そして『あたしの事、許さなくていいから』という言葉。
それは『十字架を背負う覚悟』を決めた時であるという事を。
□□
その後、パレオログ公爵領はマントル領を吸収しさらに大きくなった。
公爵夫人は夫を支えつつ領民らと農地開拓や灌漑工事の現場へ赴き汗を流し、食卓を共に囲み笑い合った伝えられている。
領内に巨大なドラゴンが出現して暴れた時には自ら赴き『素手』で殴り倒したという逸話が残っているがそれは流石に作り話だろうと後世の者たちは笑っていた。
ヘルファンはパレオログ領に移住後、料理人としての才能を開花させ料理が自慢の宿場を開いた。
その傍らではかつて公爵夫人に仕えた侍女のひとりが微笑んでいたという。
命を救われたレリクは商人として大成し最終的には宰相お抱えの大商人になる。取り扱う商品の中でもこだわりなのが傷を癒すヒーリング素材で出来た衣類であった。
それから数十年。本当かわからない数多くの理不尽すぎる伝説を残し、68歳で彼女は天へと還った。
その頃にはパレオログ領は『イリス王国で最も豊かで幸せな土地』と呼ばれるようになっていた。
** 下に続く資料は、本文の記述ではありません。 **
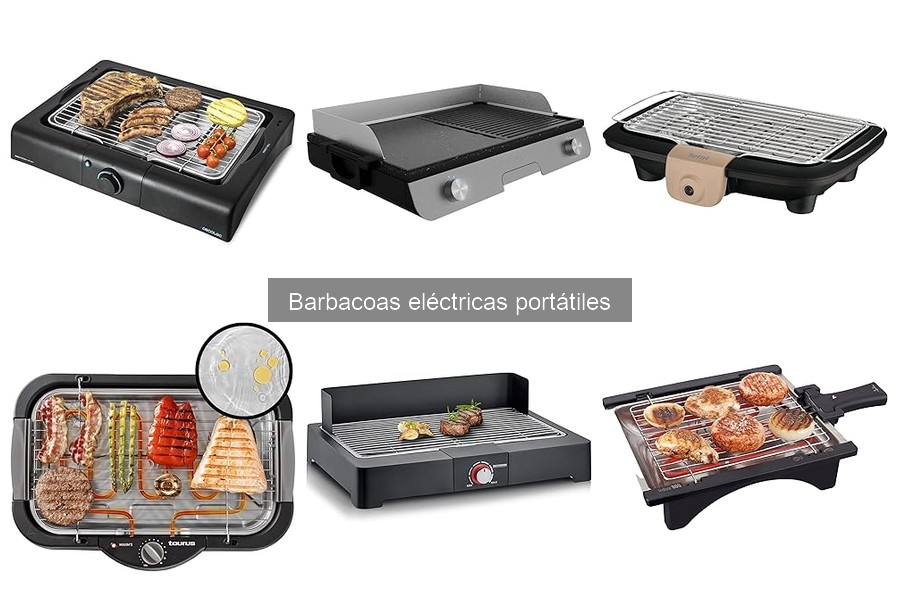 Guía para elegir la barbacoa eléctrica portátil perfecta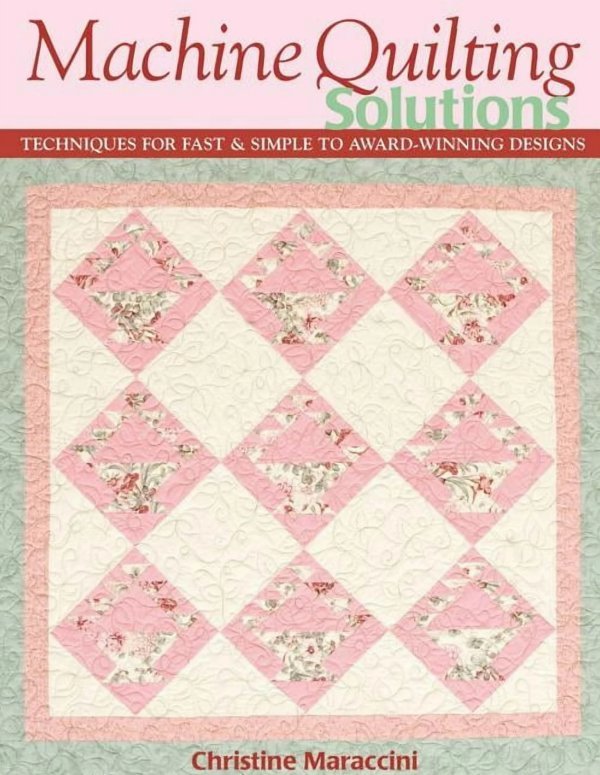 Machine Quilting Solutions - Grandma&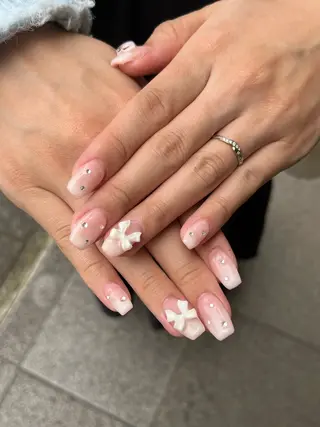 ネイル Bunnylash 💅💖AKINAのネイルデザイン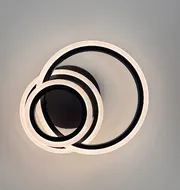 Потолочная LED-люстра MOODY A3012-500 BK  - фото 3
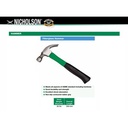 Palu Kambing Pegangan Fiber 20 Oz - Fiberglass Hammer Nicholson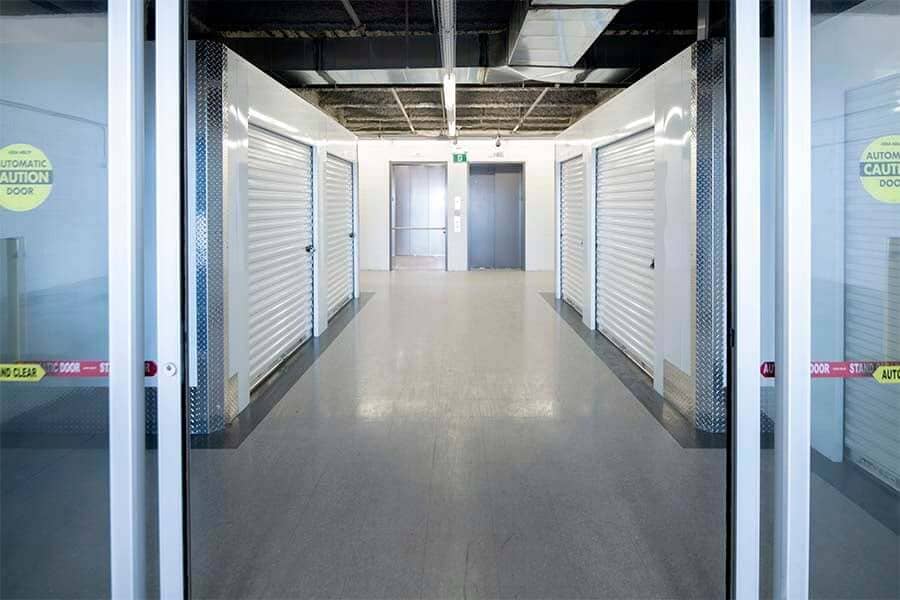 Winston Salem Self Storage Interior Entrance and Hallway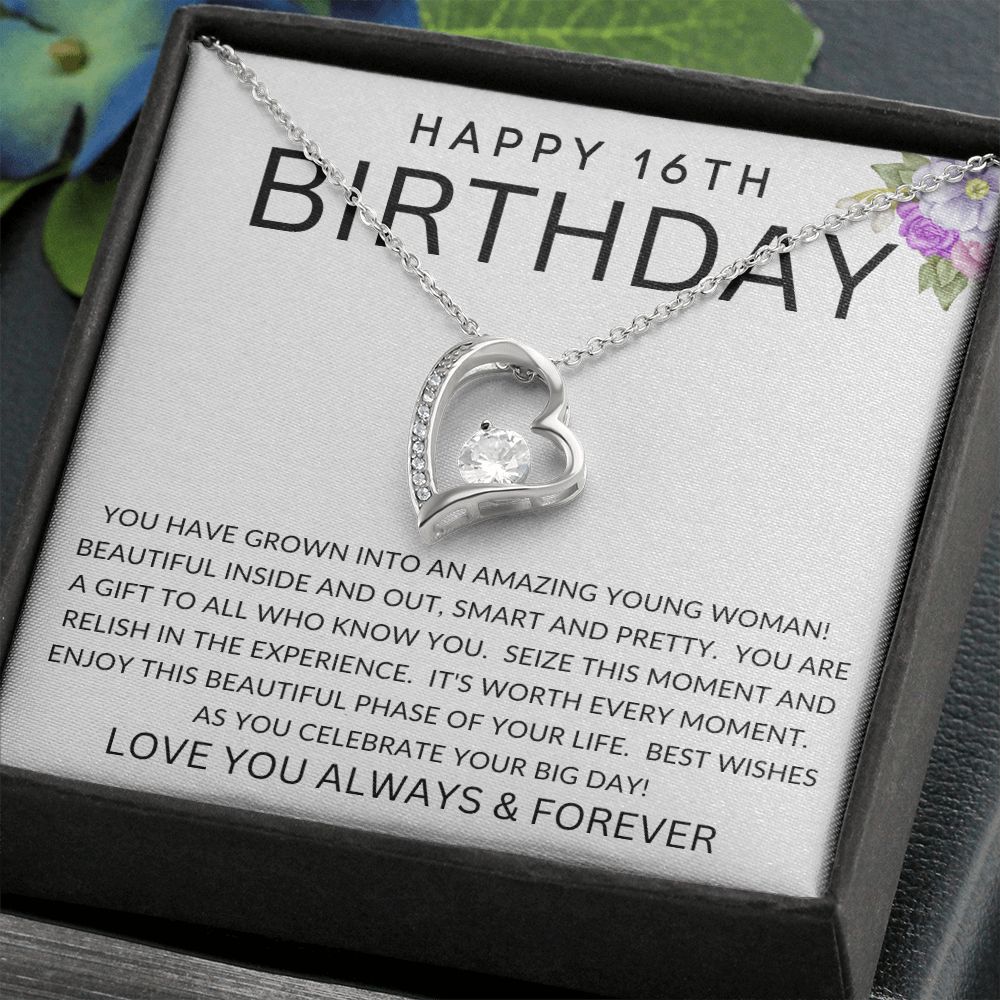 Happy 16th Birthday | Forever Love Necklace
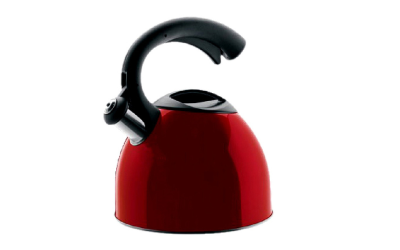Czajnik Cilio Count 2,5l – Czerwona energia w Twojej kuchni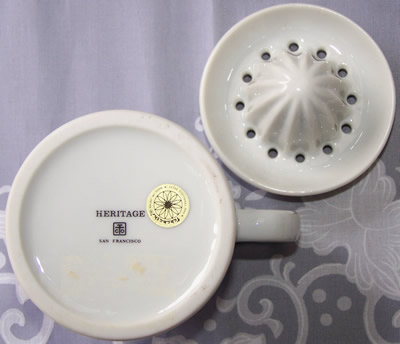Base Fruit basket pattern juicer
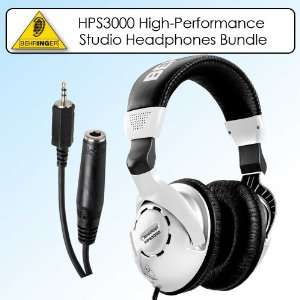  Behringer HPS3000 High Performance Studio Headphones 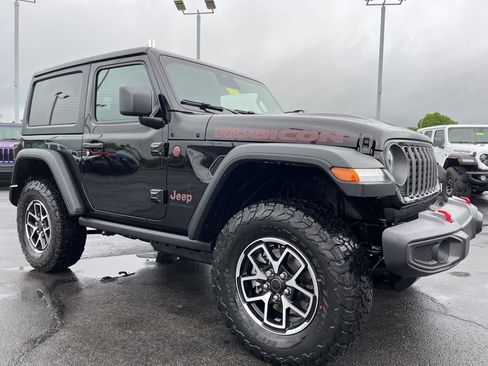 New 2026 Jeep Wrangler Rubicon AWD/4WD image 41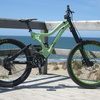 norco six three downhill bike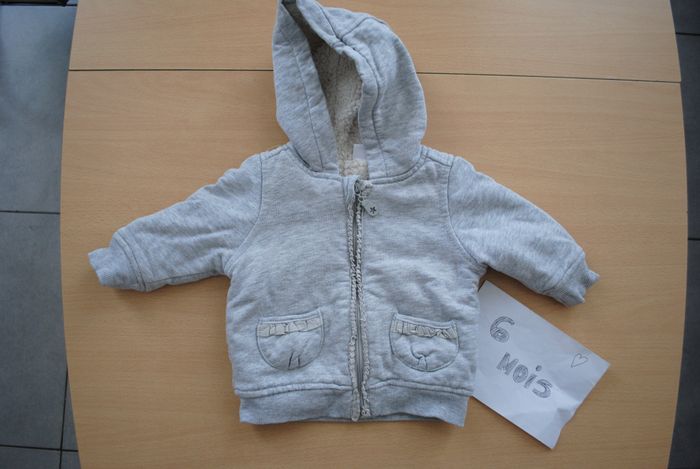 veste epaisse 6 mois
「あの人は、おそらく『女神様』が姿を変えて降臨なさったんでしょうな……」
公爵家の騎士となり生涯仕え続けたテリオ老人はそう呟いた。
丘の上で、自分達の人生を取り戻させてくれた公爵夫人が愛し眠るこの地を眺めながら……
公爵夫人であるメールは異母姉妹を多く持つ『レム家』出身で四女にあたります。
父親は異世界転生者、母親は『抑止力』として恐れられている最強格の魔導士です。
作中で触れられている『死神猫』の正体は公爵夫人の姉であるアリスの事です。